• _Supplied records_
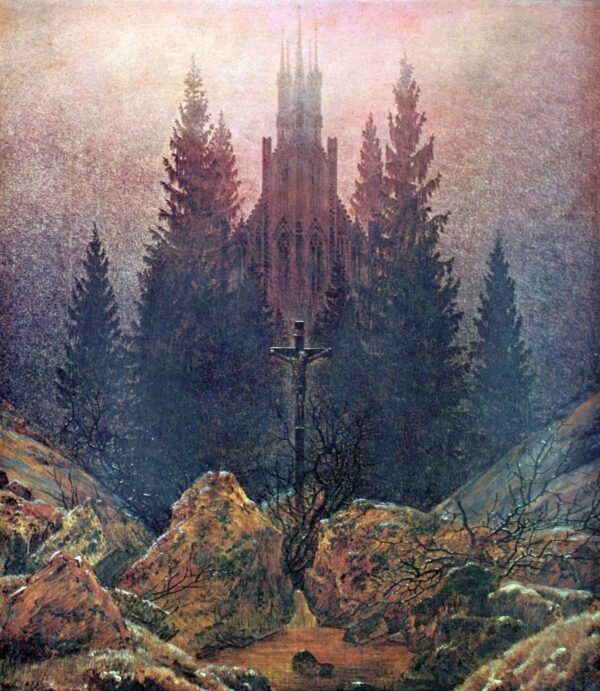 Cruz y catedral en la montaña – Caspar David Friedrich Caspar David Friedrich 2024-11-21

==

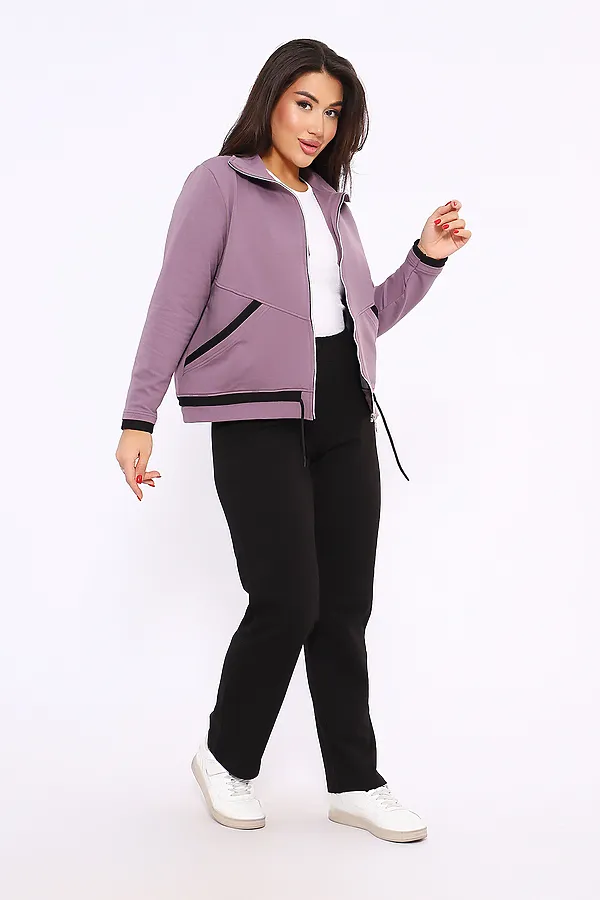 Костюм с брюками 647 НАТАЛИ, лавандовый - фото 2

--

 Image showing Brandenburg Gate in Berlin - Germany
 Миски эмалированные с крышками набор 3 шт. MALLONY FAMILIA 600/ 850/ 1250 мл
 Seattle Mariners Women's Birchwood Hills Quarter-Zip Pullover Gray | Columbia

• _What the exercise asks_
Going back over the entries above, copy word for word every line from the one that has "Image showing Brandenburg" on through the one that has "Seattle Mariners Women's".

• _Exercise result_
 Image showing Brandenburg Gate in Berlin - Germany
 Миски эмалированные с крышками набор 3 шт. MALLONY FAMILIA 600/ 850/ 1250 мл
 Seattle Mariners Women's Birchwood Hills Quarter-Zip Pullover Gray | Columbia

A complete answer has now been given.